### Study material
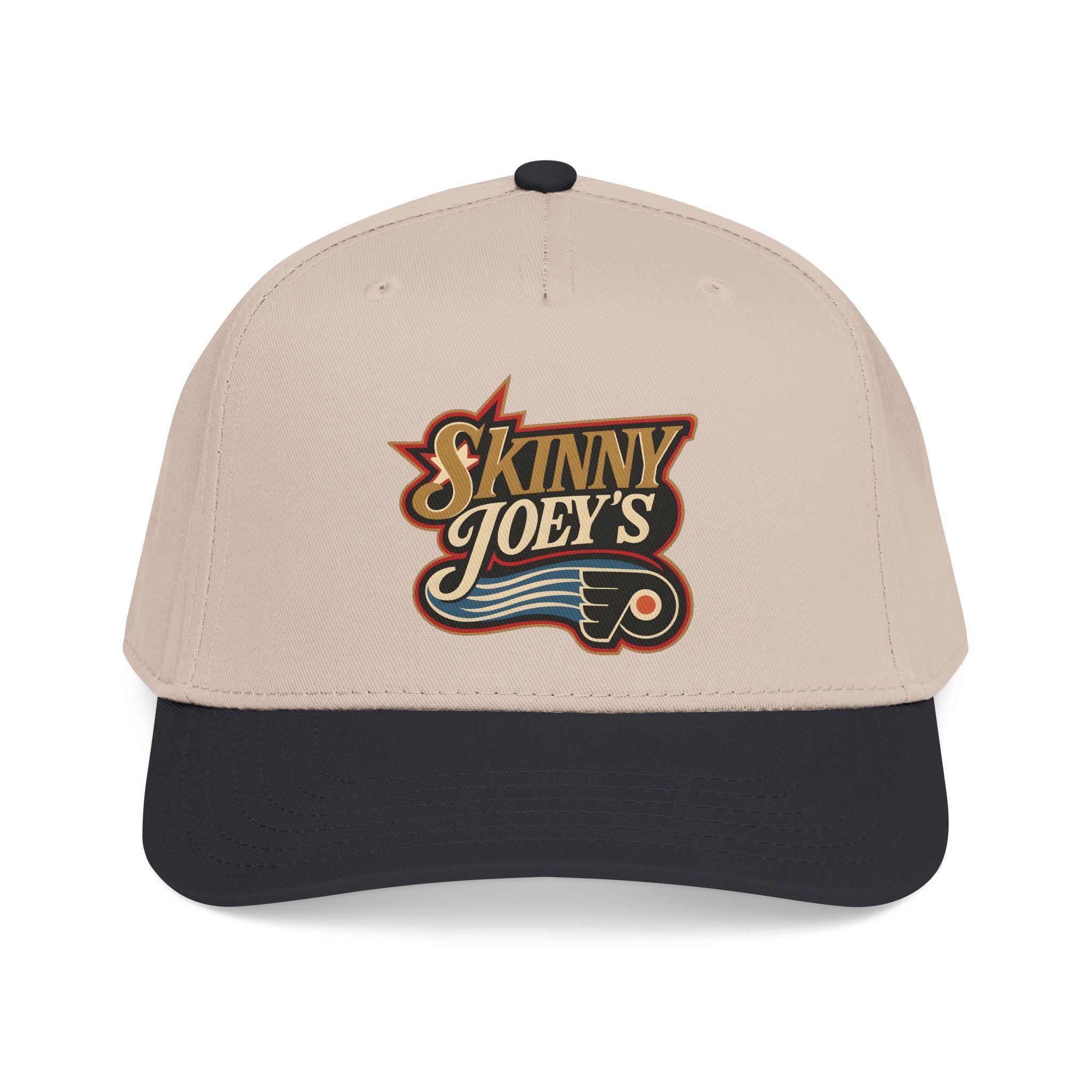 Skinny Joey's x Philly Flyers Snapback Cap
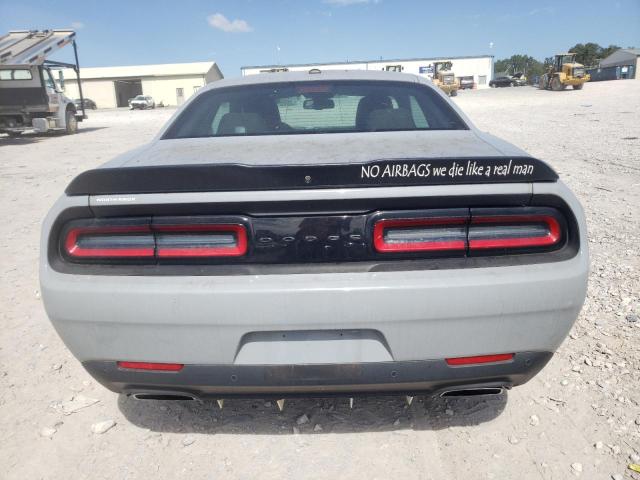 2021 DODGE CHALLENGER R/T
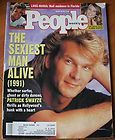 People Weekly 1974 August 26, Betty Ford, Henry Ford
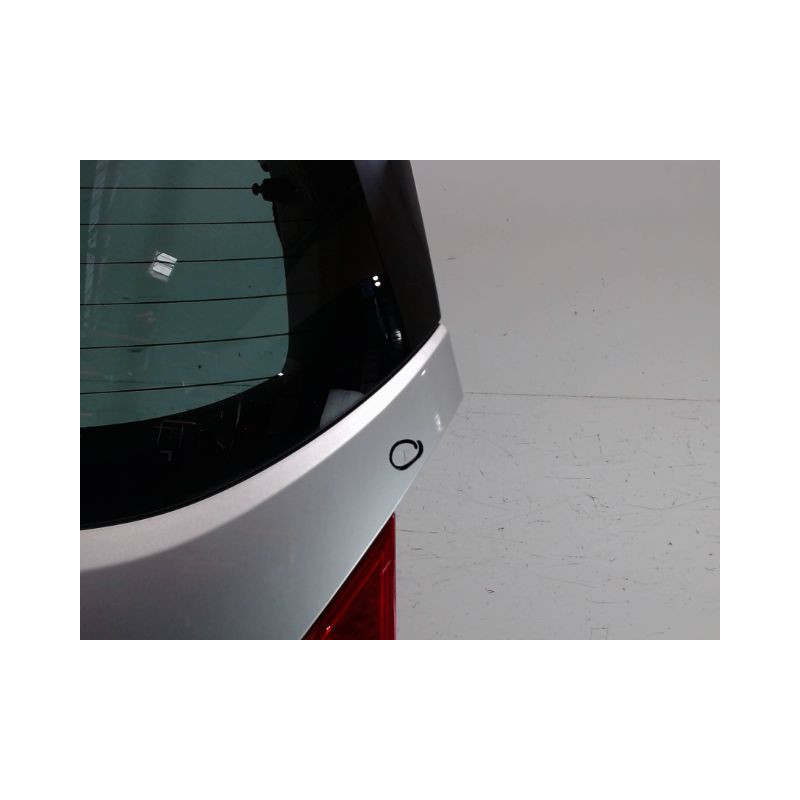 HAYON PEUGEOT 3008 2009-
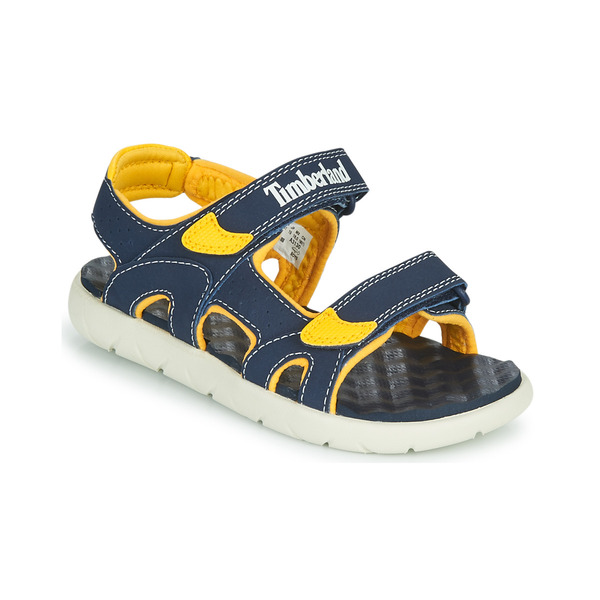  Timberland  Płaskie Sandały  Timberland  Perkins Row 2-strap  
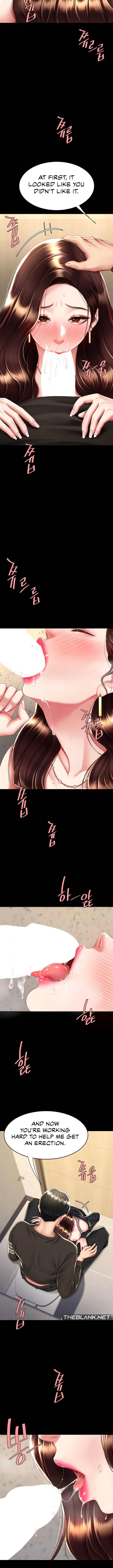 Go Ahead, Mom chapter 45 page 7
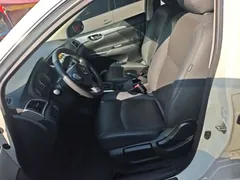 2022 Nissan Sylphy Classic 1.6XE CVT Comfort, белый — фото 15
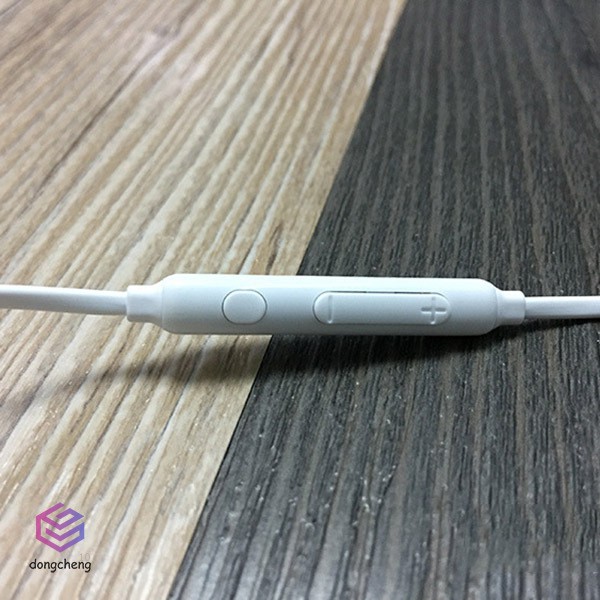 Tai nghe có dây Jack 3.5mm Có Micro Cho Samsung S6 / S6 Edge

### How to complete this task
Output the full material above exactly, leaving every picture out.

### Exercise response
 Skinny Joey's x Philly Flyers Snapback Cap
 2021 DODGE CHALLENGER R/T
 People Weekly 1974 August 26, Betty Ford, Henry Ford
 HAYON PEUGEOT 3008 2009-
  Timberland  Płaskie Sandały  Timberland  Perkins Row 2-strap  
 Go Ahead, Mom chapter 45 page 7
 2022 Nissan Sylphy Classic 1.6XE CVT Comfort, белый — фото 15
 Tai nghe có dây Jack 3.5mm Có Micro Cho Samsung S6 / S6 Edge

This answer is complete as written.